06:51It's incredibly hot down there, there isn't enough oxygen, and it's just not made for
06:55people to be walking around.
06:57It is completely, totally forbidden.
06:59So, after everything he's been through, is he really going to be stopped just 50 kilometers
07:04from home?
07:05Well, there might be a way.
07:07See, the Channel Tunnel isn't just one tunnel.
07:09It's actually three.
07:10Two big ones for the trains, and a smaller one right in the middle for emergency services.
07:15His big hope is that he can get one final piece of special permission to walk through
07:19that service tunnel.
07:20If he can, he'll complete his journey totally unbroken and entirely on foot.
07:25When he finally takes that last step, which is expected to be sometime in 2026, he will
07:30have walked 58,000 kilometers.
07:33Just to put that into perspective for you, that's like walking around the entire planet
07:36at the equator one and a half times.

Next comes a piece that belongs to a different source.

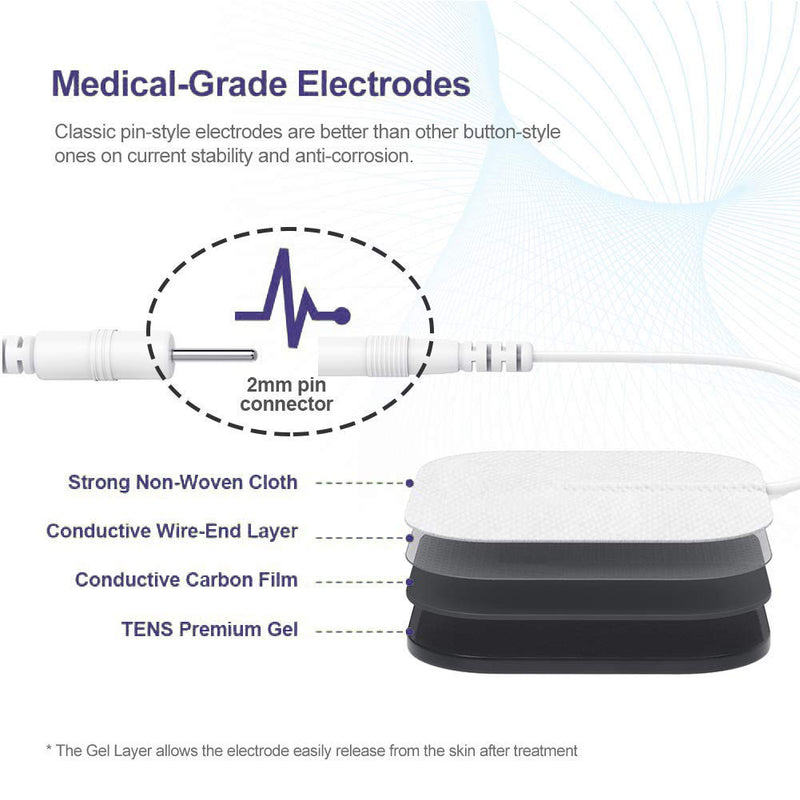 [Australia] - roovjoy TENS Unit EMS Muscle Stimulator Massage Electrodes Pads with Premium Gel 2 * 2'、 20 Pcs Patches Replacement Pads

07:39It is an absolutely monumental achievement of human spirit and endurance.
07:43I think this quote from Carl himself just perfectly sums up his whole philosophy.
07:49Through deserts, jungles, frozen seas, and years of red tape, when the path was blocked,
07:53he never, ever stopped.
07:55He just found a new way forward.
07:57So as we wrap this up, just remember this.
08:00Right now, as you're listening to this, Carl Buschby is out there somewhere in Europe,
08:05still walking, heading for home.
08:06His story is just such an extreme example of perseverance.
08:10But it really leaves all of us with a powerful question, doesn't it?
08:13When you're faced with an obstacle, what path will you take?